◆ AIM OF THE TASK ◆
Please retype all the data below exactly, line for line.

Records from a data source
....
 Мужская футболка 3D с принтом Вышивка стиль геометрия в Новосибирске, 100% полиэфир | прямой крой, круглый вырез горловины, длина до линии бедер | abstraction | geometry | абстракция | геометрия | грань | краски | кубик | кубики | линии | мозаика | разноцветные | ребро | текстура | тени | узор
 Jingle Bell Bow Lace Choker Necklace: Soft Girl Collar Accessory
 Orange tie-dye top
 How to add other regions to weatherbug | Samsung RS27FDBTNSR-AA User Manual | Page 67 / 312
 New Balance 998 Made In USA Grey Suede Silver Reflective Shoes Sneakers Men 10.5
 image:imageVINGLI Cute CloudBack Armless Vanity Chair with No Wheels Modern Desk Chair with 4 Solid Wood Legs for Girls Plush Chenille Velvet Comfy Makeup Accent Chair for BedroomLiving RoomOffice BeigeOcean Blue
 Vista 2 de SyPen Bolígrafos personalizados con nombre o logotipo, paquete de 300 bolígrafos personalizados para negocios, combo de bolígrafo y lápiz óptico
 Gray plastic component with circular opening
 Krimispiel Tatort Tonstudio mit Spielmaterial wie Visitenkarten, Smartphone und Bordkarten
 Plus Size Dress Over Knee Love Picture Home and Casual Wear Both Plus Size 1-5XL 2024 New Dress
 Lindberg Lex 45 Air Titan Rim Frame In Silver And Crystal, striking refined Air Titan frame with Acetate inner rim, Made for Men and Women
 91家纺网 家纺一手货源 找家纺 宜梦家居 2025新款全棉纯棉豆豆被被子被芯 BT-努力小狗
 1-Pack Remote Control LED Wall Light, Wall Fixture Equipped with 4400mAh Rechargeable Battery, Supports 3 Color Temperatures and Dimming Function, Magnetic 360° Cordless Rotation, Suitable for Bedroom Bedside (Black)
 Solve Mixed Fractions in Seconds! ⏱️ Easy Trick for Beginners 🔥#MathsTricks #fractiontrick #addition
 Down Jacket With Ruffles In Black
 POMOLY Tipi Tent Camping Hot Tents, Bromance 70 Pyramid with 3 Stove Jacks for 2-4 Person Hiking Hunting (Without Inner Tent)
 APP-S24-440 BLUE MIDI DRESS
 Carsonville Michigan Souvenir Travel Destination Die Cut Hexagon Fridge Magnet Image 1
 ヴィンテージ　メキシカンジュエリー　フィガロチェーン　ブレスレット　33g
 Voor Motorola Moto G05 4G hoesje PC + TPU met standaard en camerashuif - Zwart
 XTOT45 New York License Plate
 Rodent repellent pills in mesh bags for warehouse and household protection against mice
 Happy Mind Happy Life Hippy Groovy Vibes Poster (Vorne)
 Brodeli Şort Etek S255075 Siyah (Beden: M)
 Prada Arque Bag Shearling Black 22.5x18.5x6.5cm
....
◆ TASK SOLUTION ◆
 Мужская футболка 3D с принтом Вышивка стиль геометрия в Новосибирске, 100% полиэфир | прямой крой, круглый вырез горловины, длина до линии бедер | abstraction | geometry | абстракция | геометрия | грань | краски | кубик | кубики | линии | мозаика | разноцветные | ребро | текстура | тени | узор
 Jingle Bell Bow Lace Choker Necklace: Soft Girl Collar Accessory
 Orange tie-dye top
 How to add other regions to weatherbug | Samsung RS27FDBTNSR-AA User Manual | Page 67 / 312
 New Balance 998 Made In USA Grey Suede Silver Reflective Shoes Sneakers Men 10.5
 image:imageVINGLI Cute CloudBack Armless Vanity Chair with No Wheels Modern Desk Chair with 4 Solid Wood Legs for Girls Plush Chenille Velvet Comfy Makeup Accent Chair for BedroomLiving RoomOffice BeigeOcean Blue
 Vista 2 de SyPen Bolígrafos personalizados con nombre o logotipo, paquete de 300 bolígrafos personalizados para negocios, combo de bolígrafo y lápiz óptico
 Gray plastic component with circular opening
 Krimispiel Tatort Tonstudio mit Spielmaterial wie Visitenkarten, Smartphone und Bordkarten
 Plus Size Dress Over Knee Love Picture Home and Casual Wear Both Plus Size 1-5XL 2024 New Dress
 Lindberg Lex 45 Air Titan Rim Frame In Silver And Crystal, striking refined Air Titan frame with Acetate inner rim, Made for Men and Women
 91家纺网 家纺一手货源 找家纺 宜梦家居 2025新款全棉纯棉豆豆被被子被芯 BT-努力小狗
 1-Pack Remote Control LED Wall Light, Wall Fixture Equipped with 4400mAh Rechargeable Battery, Supports 3 Color Temperatures and Dimming Function, Magnetic 360° Cordless Rotation, Suitable for Bedroom Bedside (Black)
 Solve Mixed Fractions in Seconds! ⏱️ Easy Trick for Beginners 🔥#MathsTricks #fractiontrick #addition
 Down Jacket With Ruffles In Black
 POMOLY Tipi Tent Camping Hot Tents, Bromance 70 Pyramid with 3 Stove Jacks for 2-4 Person Hiking Hunting (Without Inner Tent)
 APP-S24-440 BLUE MIDI DRESS
 Carsonville Michigan Souvenir Travel Destination Die Cut Hexagon Fridge Magnet Image 1
 ヴィンテージ　メキシカンジュエリー　フィガロチェーン　ブレスレット　33g
 Voor Motorola Moto G05 4G hoesje PC + TPU met standaard en camerashuif - Zwart
 XTOT45 New York License Plate
 Rodent repellent pills in mesh bags for warehouse and household protection against mice
 Happy Mind Happy Life Hippy Groovy Vibes Poster (Vorne)
 Brodeli Şort Etek S255075 Siyah (Beden: M)
 Prada Arque Bag Shearling Black 22.5x18.5x6.5cm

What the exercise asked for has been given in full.